After Baldwin’s death, there was a dispute over the ownership of the house. The Baldwin family fought a long legal battle, which it eventually lost. The house has since been sold three times.
Cain is now back in Paris after the developers took advantage of her absence from the house to remove her belongings to a nearby hotel (they paid for two nights) and brick up the doors and windows.
She wants to persuade France’s culture ministry to declare the house part of the country’s heritage and take it over.
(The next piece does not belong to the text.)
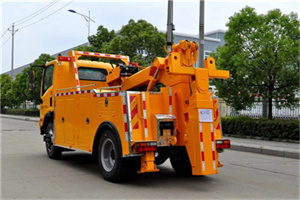 建设镇高速路拖车费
Failing that, she says she will try to raise more than €10m to buy it. “The plan is the same as it’s been from the outset – to work with the ministry of culture to seize the house on the grounds that historic preservation laws were violated, and if that plan fails to raise the money to purchase the house from the developer,” she states on the campaign website.
“The aim for this startup phase is to establish an organisation with the capacity to raise a significant amount of money – in the neighbourhood of €10m – to purchase and/or renovate this house, as well as to establish a permanent endowment that will support an artist residency in perpetuity.”
Baldwin’s literary estate has stopped Cain using his name for her campaign site and has been “like many literary estates … uncooperative and recalcitrant”, she says, but she is hoping to bring relatives on board and begin negotiations with the property developer next month. “This is a passion project for me. I cannot let it go.”
Hélène Roux says it would be a tragedy if Baldwin’s last home were lost. “This is where Jimmy wrote and lived and died. If this house is lost, there would be absolutely nothing left of James Baldwin in this village, a place where he was very happy and where we were happy to see him,” Roux told the Observer.
“It would be heartbreaking for it to disappear. What is really devastating is that very often my doorbell rings and people ask where they can find James Baldwin’s house, and I have to direct them to this devastating sight.”